Karen S. Elliott is a Richmond-based attorney with the law firm of Eckert Seamans Cherin & Mellott. She focuses her practice on labor and employment law and commercial litigation matters. She strives to provide practical legal advice to help employers craft reasonable business solutions for their human resource challenges. Her clients span all sizes, from start-ups to the Fortune 500, in industries ranging from nursing homes, physician practices, and health and rehab centers to construction, travel and entertainment, fast food, and retail. As a labor and employment lawyer, Karen helps clients navigate the alphabet soup of the 40 or more employment laws from the ADA, FMLA, GINA, OSHA to USERRA, and the myriad federal agencies such as DOL, EEOC, and NLRB. Because Karen is a trial lawyer, she understands the complexities involved in going to court, and helps clients work to resolve issues before they become legal issues. But as an experienced trial lawyer, she knows how to navigate agency investigations as well as courtroom drama. Karen empathizes with businesses facing difficult employment issues. She has firsthand experience from when she had to act on her own legal advice while serving as president of a not-for-profit when its business office staff walked out. She understands that the legal answer is not always the practical business solution. Karen dedicates time each day to honing her legal skills and keeping up with the fast-changing area of labor, employment, and benefits law. She has been recognized with an AV preeminent peer rating from Martindale Hubbell. This is its highest level rating for professional excellence for both ethical standards and legal experience. She is also proud to claim similar recognition from Best Lawyers, Super Lawyers, and Virginia Business magazine’s “Legal Elite.”
ABOUT CLARE M. GALLAGHER
Clare M. Gallagher is a Richmond-based attorney with the law firm of Eckert Seamans Cherin & Mellott. She concentrates her practice in traditional labor law, employment law, and litigation. Prior to joining Eckert Seamans, Clare served as legal counsel and director of human resources for a large title agency in the real estate services industry.
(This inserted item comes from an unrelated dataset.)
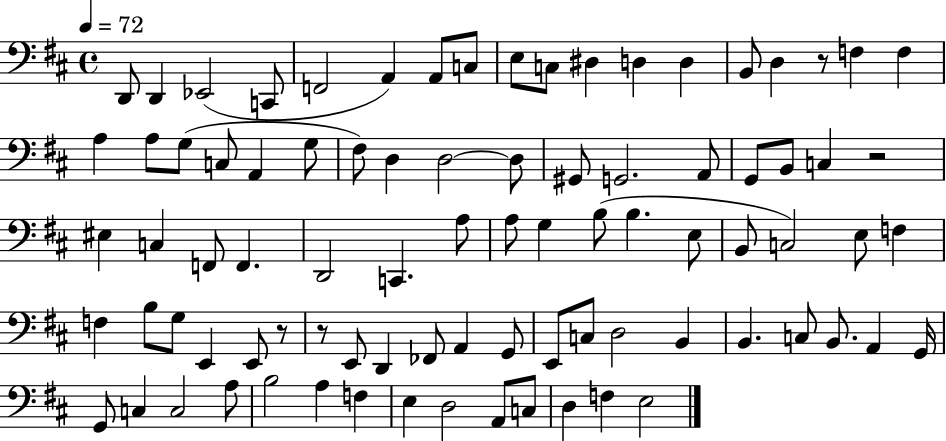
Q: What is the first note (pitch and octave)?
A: D2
There she managed legal matters, including class action litigation and oversight of outside counsel, acquisitions, corporate finance, governance, and employment-related legal matters. As director of human resources, Clare supervised all aspects of human resources management, including payroll and benefits administration; employee orientation and training; legal compliance in employee recruitment and selection, compensation, discipline, and discharge; reduction in force planning and implementation; employee retention programs; employee safety and security; and workers’ compensation cost containment.